Alli was inches from a landmark of his own, a maiden Premier League hat-trick. He struck the bar with a ferocious shot a minute before Kane’s opener. He ended with a second successive brace and proof of his symbiotic understanding with Kane: his second goal came from the striker’s cross.
For his first, he latched on to a poor clearance from Younes Kaboul, the man Pochettino had appointed Tottenham captain before swiftly acknowledging his error, and placed a shot beyond the former Spurs goalkeeper Heurelho Gomes. The presence of two old boys added a symbolism: Tottenham’s present is infinitely preferable to much of their recent past.
Pochettino was able to remove Alli with half an hour remaining. Danny Rose and Kane also sat out the closing stages as attention turned to Wednesday’s attempt to halt Chelsea’s winning run. “We’re coming for you,” chorused the Spurs faithful to their Blues counterparts.

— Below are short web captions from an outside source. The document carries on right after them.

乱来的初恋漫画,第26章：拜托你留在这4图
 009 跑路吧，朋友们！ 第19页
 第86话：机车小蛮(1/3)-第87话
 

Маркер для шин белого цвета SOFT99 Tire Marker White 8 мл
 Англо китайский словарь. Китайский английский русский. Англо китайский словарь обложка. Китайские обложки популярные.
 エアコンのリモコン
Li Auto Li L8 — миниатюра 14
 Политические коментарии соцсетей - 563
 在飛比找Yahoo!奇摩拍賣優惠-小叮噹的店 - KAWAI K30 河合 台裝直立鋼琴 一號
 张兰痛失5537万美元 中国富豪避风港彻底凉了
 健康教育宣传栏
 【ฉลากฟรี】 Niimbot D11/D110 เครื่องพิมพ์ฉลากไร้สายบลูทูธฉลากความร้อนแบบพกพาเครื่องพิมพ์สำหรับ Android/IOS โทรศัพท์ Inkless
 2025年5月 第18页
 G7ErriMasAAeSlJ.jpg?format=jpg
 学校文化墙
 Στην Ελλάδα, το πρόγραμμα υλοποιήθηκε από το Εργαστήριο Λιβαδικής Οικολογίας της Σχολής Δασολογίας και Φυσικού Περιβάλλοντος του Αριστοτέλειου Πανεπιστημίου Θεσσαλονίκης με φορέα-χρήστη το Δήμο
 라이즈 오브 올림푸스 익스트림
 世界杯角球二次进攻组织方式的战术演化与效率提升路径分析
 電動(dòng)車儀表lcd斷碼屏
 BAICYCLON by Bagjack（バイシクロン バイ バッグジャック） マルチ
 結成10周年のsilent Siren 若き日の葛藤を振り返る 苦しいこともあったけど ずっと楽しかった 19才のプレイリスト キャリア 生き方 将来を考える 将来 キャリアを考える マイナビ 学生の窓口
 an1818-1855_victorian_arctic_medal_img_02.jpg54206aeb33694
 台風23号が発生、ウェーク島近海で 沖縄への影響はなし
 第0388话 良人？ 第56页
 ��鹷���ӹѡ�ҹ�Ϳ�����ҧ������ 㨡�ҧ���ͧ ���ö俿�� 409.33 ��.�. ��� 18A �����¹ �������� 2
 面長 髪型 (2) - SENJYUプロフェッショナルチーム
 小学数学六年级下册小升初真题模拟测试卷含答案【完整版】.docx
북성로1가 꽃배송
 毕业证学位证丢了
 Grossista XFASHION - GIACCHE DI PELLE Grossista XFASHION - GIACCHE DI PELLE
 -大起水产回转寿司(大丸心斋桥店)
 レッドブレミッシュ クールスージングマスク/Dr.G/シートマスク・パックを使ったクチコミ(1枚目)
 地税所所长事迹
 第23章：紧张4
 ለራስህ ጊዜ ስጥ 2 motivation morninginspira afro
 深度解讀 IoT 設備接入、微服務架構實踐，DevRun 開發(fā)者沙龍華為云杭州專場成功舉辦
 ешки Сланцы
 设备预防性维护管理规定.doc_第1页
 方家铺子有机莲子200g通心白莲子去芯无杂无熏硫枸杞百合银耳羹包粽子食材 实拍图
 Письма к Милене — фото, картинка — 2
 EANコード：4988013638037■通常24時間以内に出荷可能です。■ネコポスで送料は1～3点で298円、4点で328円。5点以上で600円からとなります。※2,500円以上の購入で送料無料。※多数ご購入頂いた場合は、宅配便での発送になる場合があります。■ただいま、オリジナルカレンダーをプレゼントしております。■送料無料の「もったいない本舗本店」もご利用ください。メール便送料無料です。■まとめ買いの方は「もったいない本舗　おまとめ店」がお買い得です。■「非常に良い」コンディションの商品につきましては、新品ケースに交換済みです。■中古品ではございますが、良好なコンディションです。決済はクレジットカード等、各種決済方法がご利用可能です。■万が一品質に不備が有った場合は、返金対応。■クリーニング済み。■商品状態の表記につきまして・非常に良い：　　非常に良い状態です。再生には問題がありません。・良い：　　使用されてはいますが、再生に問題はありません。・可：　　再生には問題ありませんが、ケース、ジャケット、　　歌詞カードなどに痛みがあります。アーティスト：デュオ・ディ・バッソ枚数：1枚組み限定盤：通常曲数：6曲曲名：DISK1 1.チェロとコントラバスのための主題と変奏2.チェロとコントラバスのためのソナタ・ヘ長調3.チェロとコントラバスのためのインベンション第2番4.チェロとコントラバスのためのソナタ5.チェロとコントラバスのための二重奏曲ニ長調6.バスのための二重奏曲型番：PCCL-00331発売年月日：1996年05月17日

Their thoughts had strayed from Watford. Pochettino had taken mercy on them. Tottenham lost concentration in added time and Kaboul scored the least consoling of consolation goals. Watford’s problems began before kick-off. Already ravaged by injuries, they lost Juan Zuniga in the warm-up. Striker Odion Ighalo came in while Nordin Amrabat, Watford’s third choice right wing-back, moved to the flank until he, too, sustained an injury.
Yet absences alone cannot excuse their staggering ineptitude, as Adlene Guedioura accepted. “It is embarrassing to lose like that,” said the midfielder. “I want to apologise to all the fans.” Much was sorry about Watford, a side seeming to lack the basics, whether of organisation or commitment. They feel a team without an identity, as though the revolving-door recruitment policy has come at a cost.
Now Tottenham have four consecutive wins, Watford one point from four games. They looked what they are: teams going in opposite directions.